Test input Expected output What it validates
single 14 YES direct match base case
single 5 NO impossible trivial case
all negatives NO unreachable positive target
mixed combo YES subset combination necessity
zeros included YES zeros do not affect feasibility

Edge Cases

A case with a single element equal to 14 is handled immediately by the subset mask where only that element is selected. During iteration, the mask with exactly one bit set corresponding to that element produces sum 14 and triggers early termination.
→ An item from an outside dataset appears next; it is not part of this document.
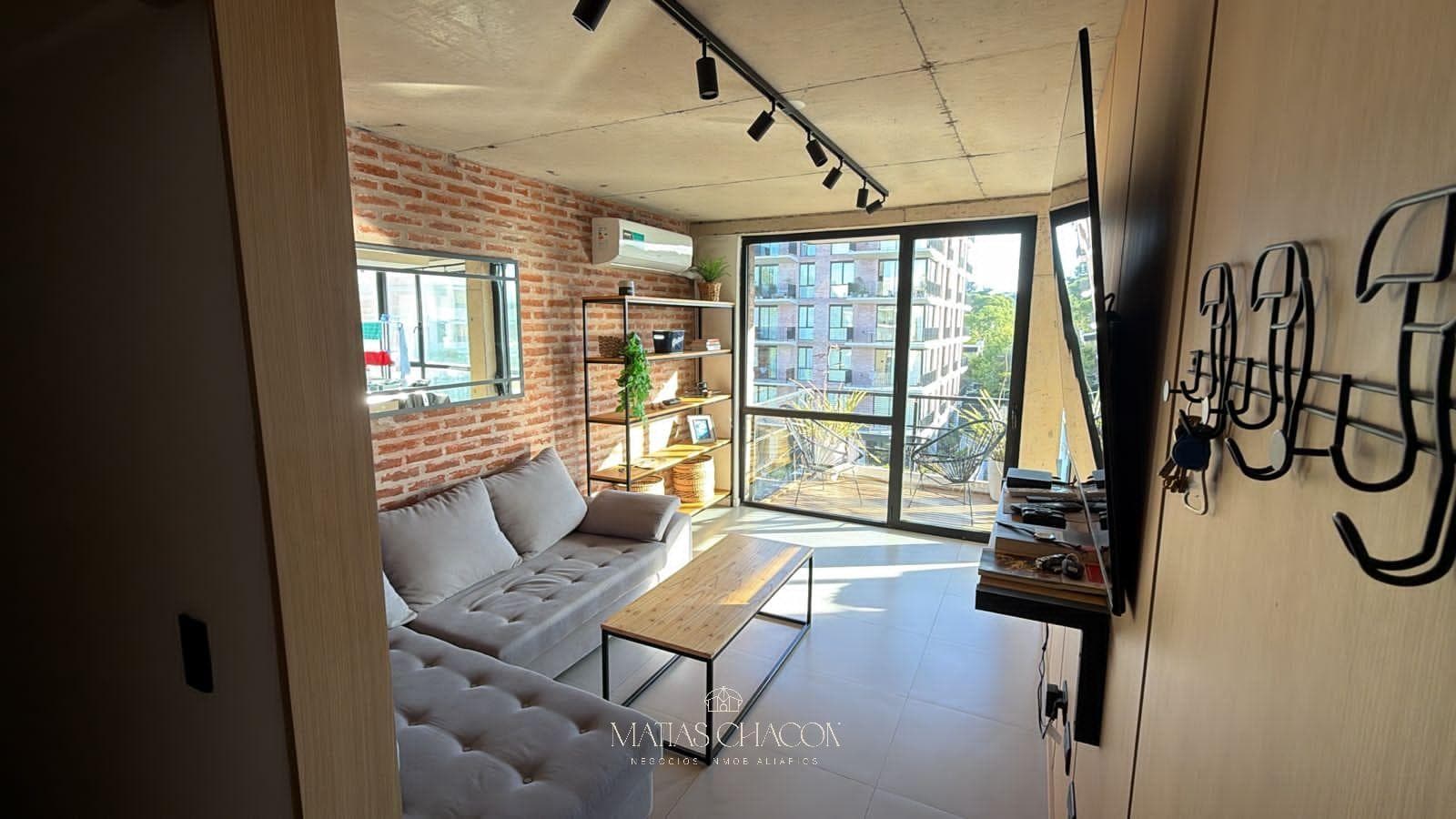 Modern 3-room half-apartment with a garage and private terrace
A case where all numbers are negative demonstrates that no subset can increase the sum to a positive target. The algorithm still enumerates all subsets, but every computed sum remains non-positive, so the equality check for 14 is never triggered, and the final output is NO.

A case containing zeros shows that extra elements that contribute nothing do not interfere with correctness. The subset containing only the element 14 still exists among masks, and additional zeros simply create duplicate sums but do not affect detection of the target subset.